Yeah, for sure. I mean, I think there’s a couple of things here. So one, when I went to college, I became a classics major. I was interested in antiquity and Greek and Latin. I had studied Sanskrit as a kid with a private tutor and sort of got back into it through my study of the classics. And it, that quickly shifted me away from the mainstreams to the, of the classics. I don’t think I would have described it as such then, but now realize that probably racial factors had a significant, had a lot to do with that that there is for all of the you know, self-recrimination of classics programs, there’s still an implied sort of racial dimension to it and a certain set of closed ranks. So, I wanted to move outside that, that field and, and pursue my interests in this language and, and my interests in well, the intellectual history of, of this language more.

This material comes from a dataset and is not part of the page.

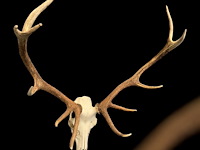 Edelhert - schedel met gewei - afbeelding 2 van  6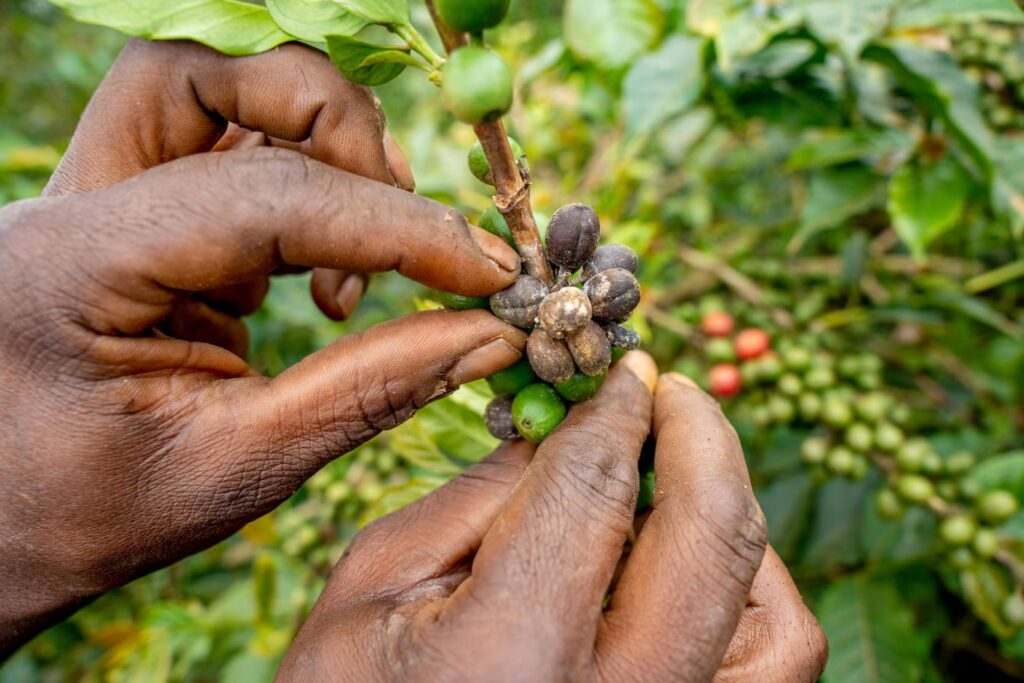 Climate-Resilient Coffee Varieties Help Kenyan Farmers Protect UK Coffee Supply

So, and it, but it wasn’t really until coming to New York that I had much more of a, of an encounter with a different kind of, first of all, a different kind of South Asian community and both along class terms and also ethnic terms. And also, and much more of an introduction to the presence of Dalit activism. So, I’m coming to New York and the five years I spent their meeting activists within the Dalit community meeting broader range of South Asian activists, actually teaching students in on long Island from West Indian, Caribbean, Indo Caribbean communities, but also getting involved with organizations like DRUM, Desis Rising Up and Moving, Chaya, which works on housing within Queens and also not New York specific, but SADA, the South Asian American Digital Archive. sort of becoming much more aware of and, and meeting frankly, a lot of these people gave me a different sort of take on things.

Singh:

Yeah. Can you, can you tell us, tell us a little bit about how that perspective well, w what is the new perspective or what is this perspective that, that forms during this period? And then I, and then I want to ask you how someone opens themselves up to such a change, right? Like it’s not easy to change perspectives or embrace something that’s new. And so, so what is it, what does it take to get there for something?

Venkatkrishnan:

Yeah. Maybe I can tell a story to illustrate that. I met I met a gentleman who was who began his PhD at Union Theological Seminary with a friend of mine, John Thatamanil and he was from a Dalit Christian community in India, in South India. And we had a conversation, and I expected us to, to have a connection over the fact of being preacher’s kids like I opened up today. But it was a very different conversation. And it was or at least it certainly did not seem that that was the connection that would be most central in his mind. In His mind, the, the connection and the antagonistic connection was one of caste. And it was a conversation like that that made me sort of realize where I previously as a scholar of Hinduism had had an intellectualized understanding of the history of caste within tradition it wasn’t until being confronted to acknowledge specific inheritances and as they exist in everyday life and determined one’s position that I took a closer look at those sorts of movements and what was it required to actually build relationships with people like my friend.

Singh:

Yeah, that’s a great story. And so, I guess the question that strikes me immediately is, is the process then, is it one of connection, right? Like, so you have this relationship that sparks your interest. And then you look externally, right? Like you look at, you, look at history, you look at movements and then you internalize that? Or you are there some process of, I mean, I can imagine it being flipped and saying, you meet this person, you change internally, and then you say, Oh, I’m interested in learning more. Right? Like, how does, how does this work?

Venkatkrishnan:

That’s a great question. Maybe something like that. I mean so, you know, I mean, as a, as a scholar or a student we can, you know, there, there are certain ways to think about caste as, as a student of South Asian religion and Hinduism particular. Right? So, this is the external dimension, right? Where you understand that there are different ways to approach this question. One is the ideological study of the sort of normative, the prescriptive ideals that are enshrined for instance, in religious language. There is a historical approach, which excavates the political dimensions of caste and it’s change over time, particularly the role of colonialism and so forth. And then there’s an anthropological dimension, which is to understand its everyday manifestations and its effects.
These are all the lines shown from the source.